Source data Block Start

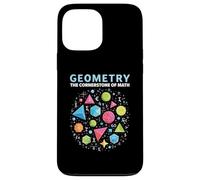 Geometría Profesor Matemático Materia Matemáticas Matemáticas Carcasa para iPhone 13 Pro MAX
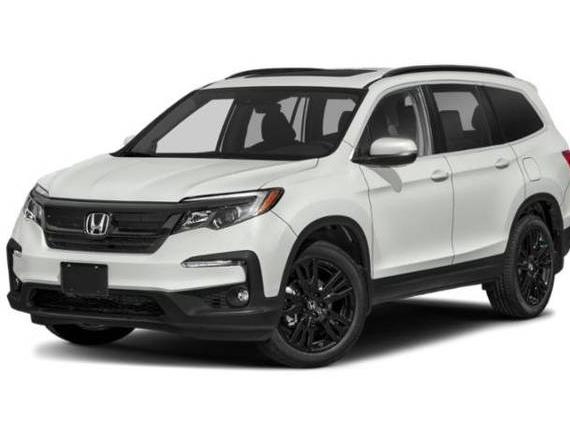HONDA PILOT 2022 5FNYF6H25NB082018 image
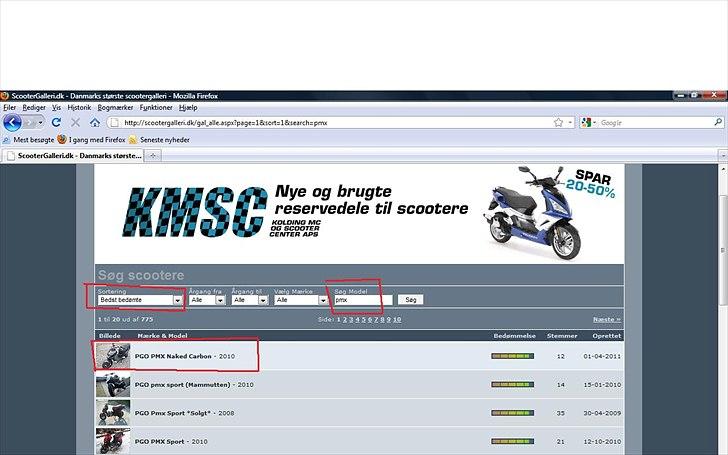 PGO PMX Naked Carbon billede 14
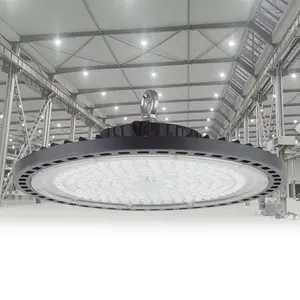 Driver de emergência novo refletor de luz industrial Ufo 200W LED iluminação alta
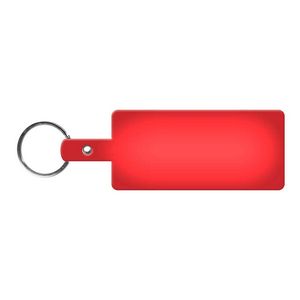 Rectangle Flexible Key Tag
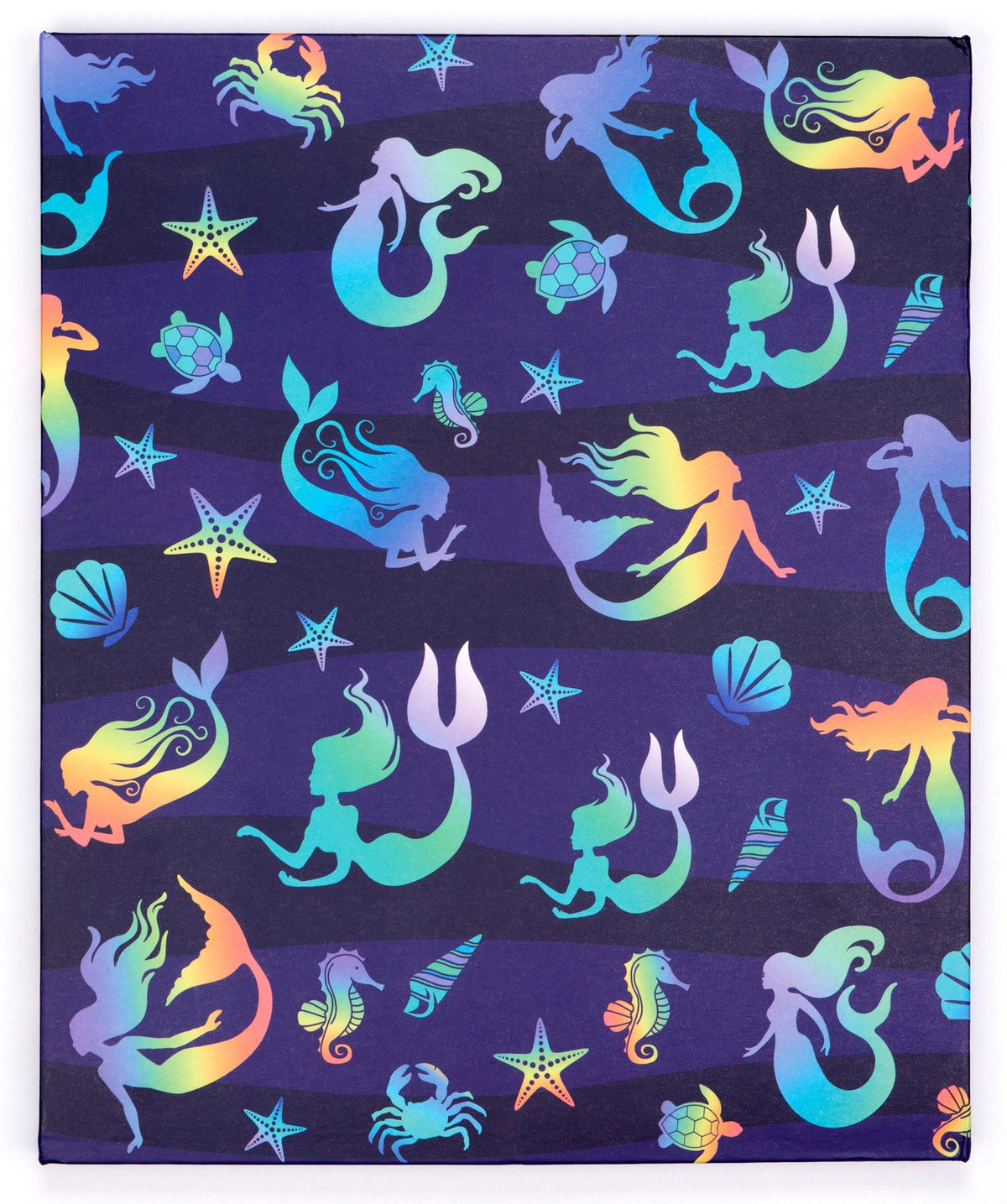 Magnetic Weekly Planner – Purple Mermaids
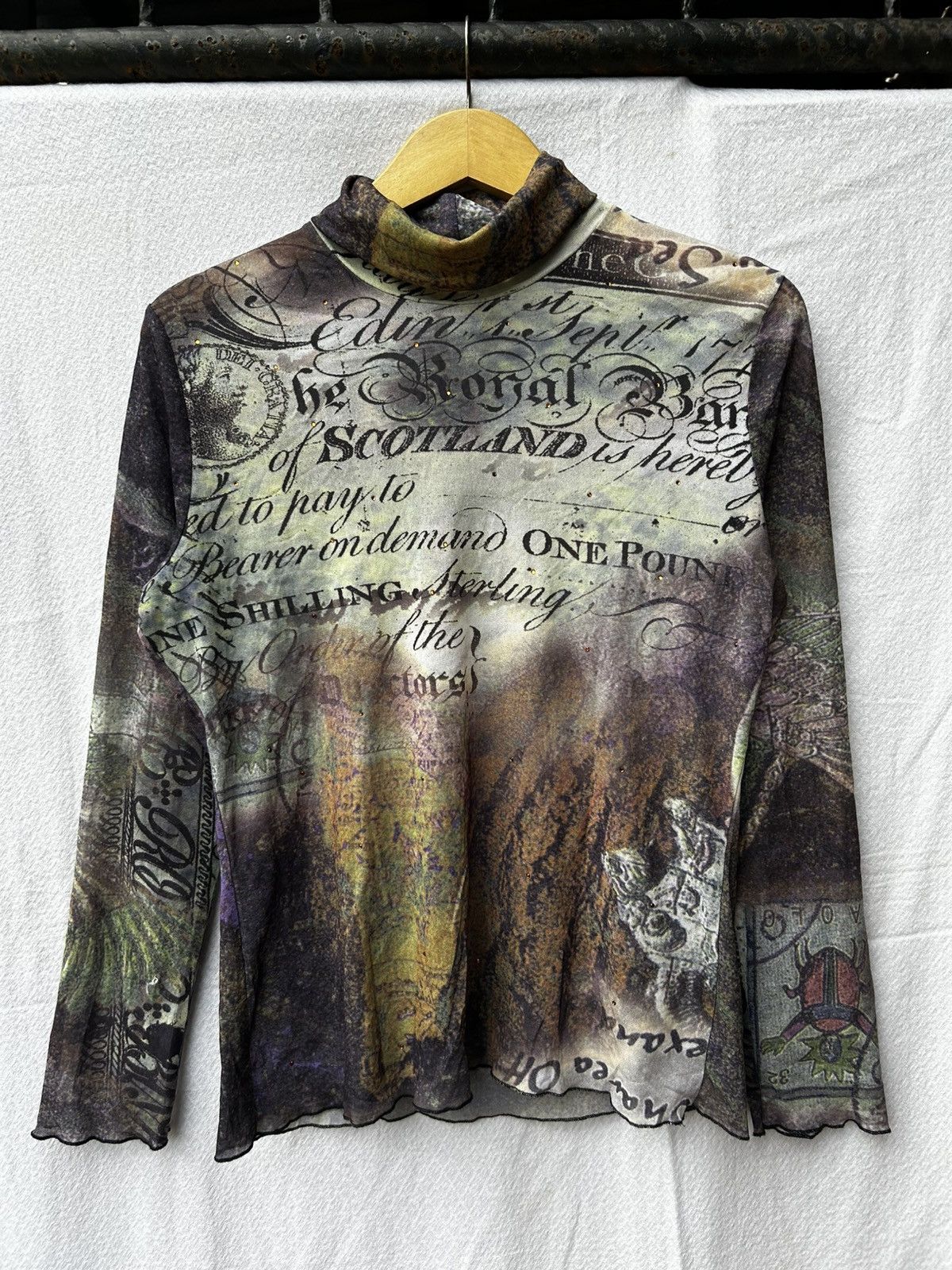 If Six Was Nine × Japanese Brand × Le Grande Bleu (L.G.B.) Layered mesh top japanese jpg style Size US M / EU 48-50 / 2 - 1 Thumbnail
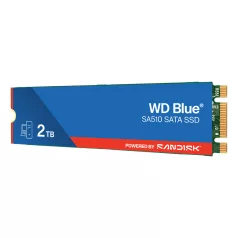 Western Digital Blue WD SA510, 2 TB, M.2, 560 MB/s, 6 Gbit/s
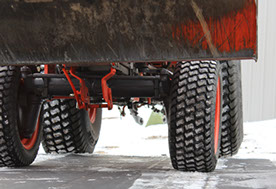 Custom Trailer Protective Flooring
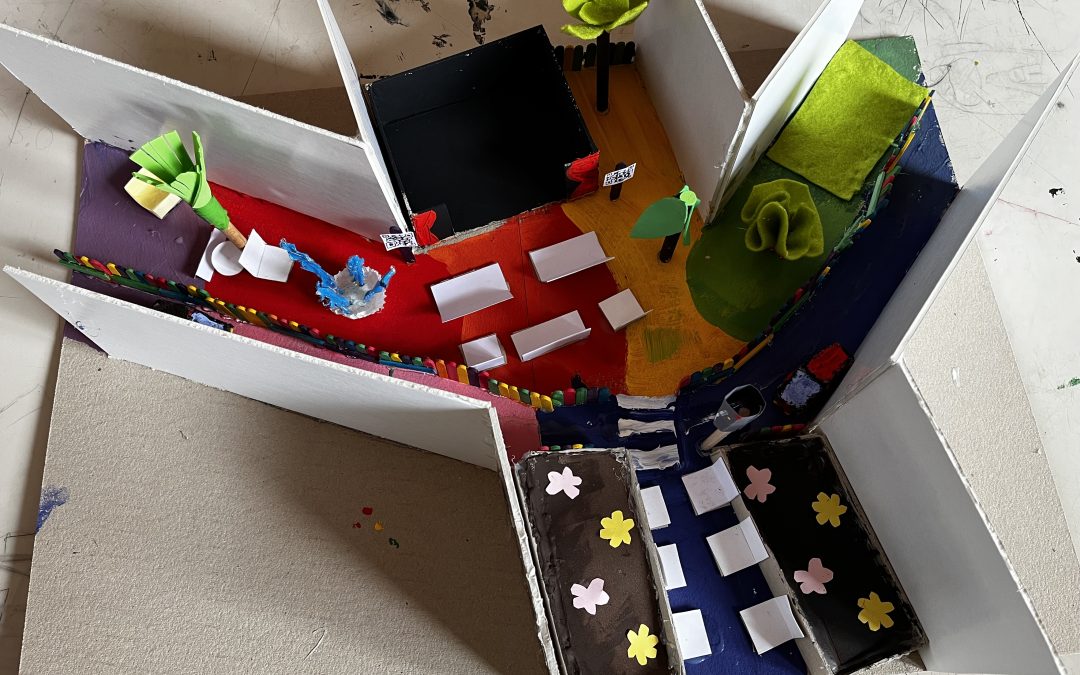 „Supergrätzl – Superplatz“ – Ein Projekt der 2B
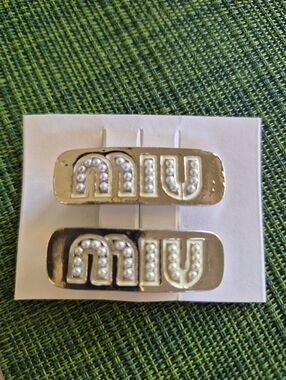 Hair Clips MIU MIU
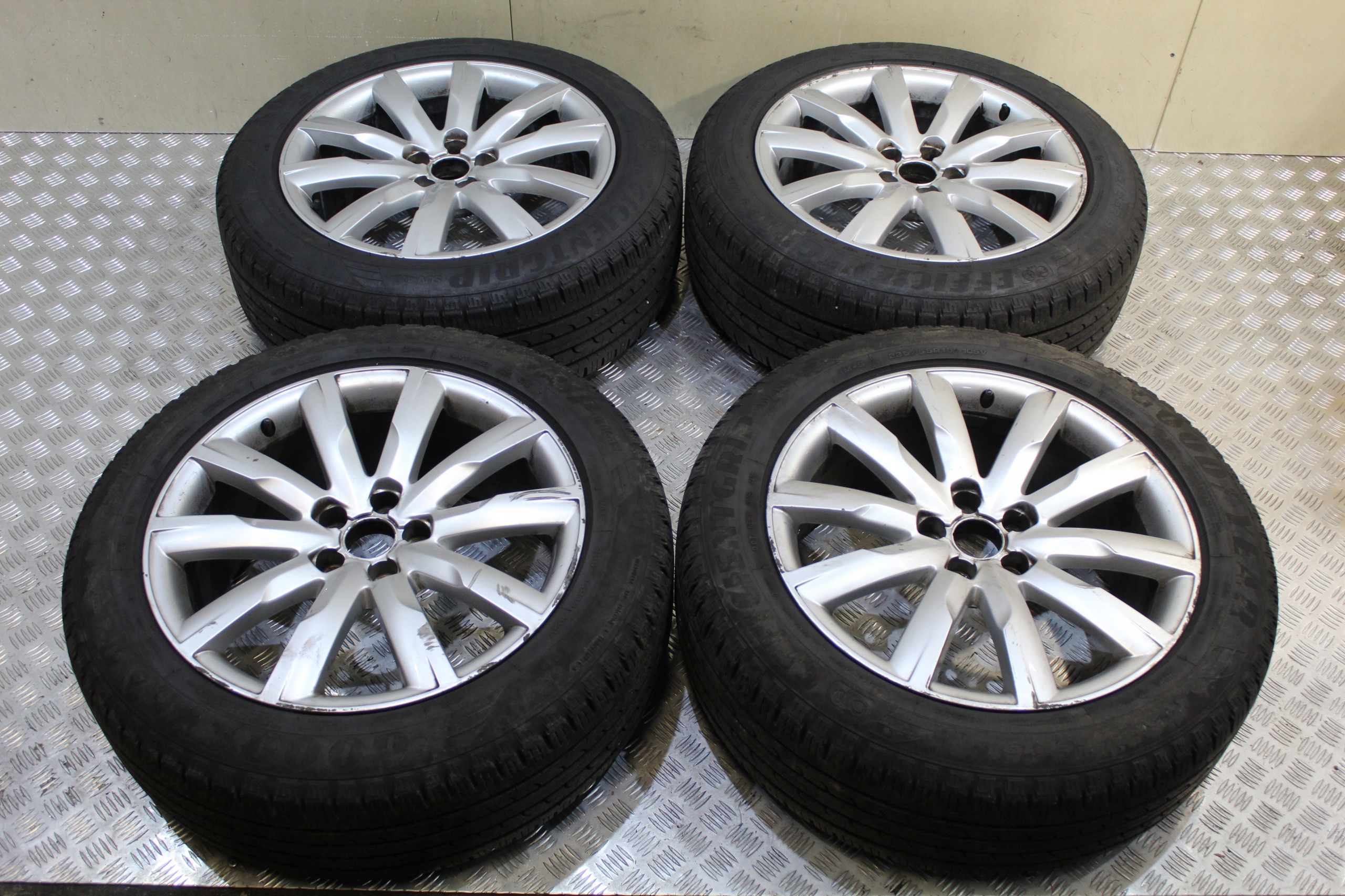 KOŁA FELGI ALUFELGI 235/55 R19 AUDI Q5 8R0 8R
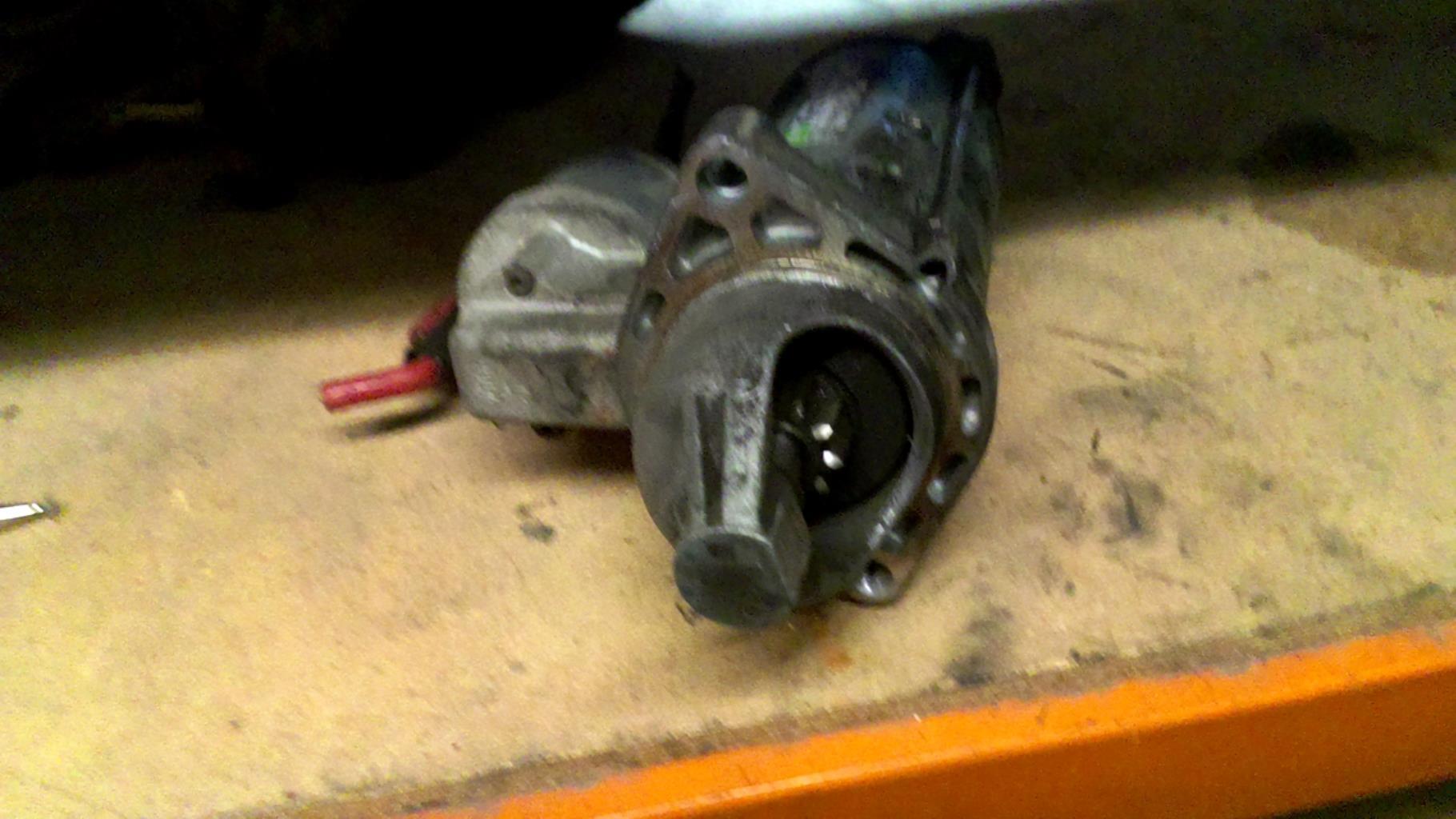 Demarreur FIAT 1,3l diesel multijet  - 1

Source data Block End

Aim of the task
Copy exactly the lines of the entries above from the one containing "HONDA PILOT 2022 5FNYF6H25NB082018 image" through the one containing "Custom Trailer Protective Flooring". Both end lines count; pictures do not.

Task result
HONDA PILOT 2022 5FNYF6H25NB082018 image
 PGO PMX Naked Carbon billede 14
 Driver de emergência novo refletor de luz industrial Ufo 200W LED iluminação alta
 Rectangle Flexible Key Tag
 Magnetic Weekly Planner – Purple Mermaids
 If Six Was Nine × Japanese Brand × Le Grande Bleu (L.G.B.) Layered mesh top japanese jpg style Size US M / EU 48-50 / 2 - 1 Thumbnail
 Western Digital Blue WD SA510, 2 TB, M.2, 560 MB/s, 6 Gbit/s
 Custom Trailer Protective Flooring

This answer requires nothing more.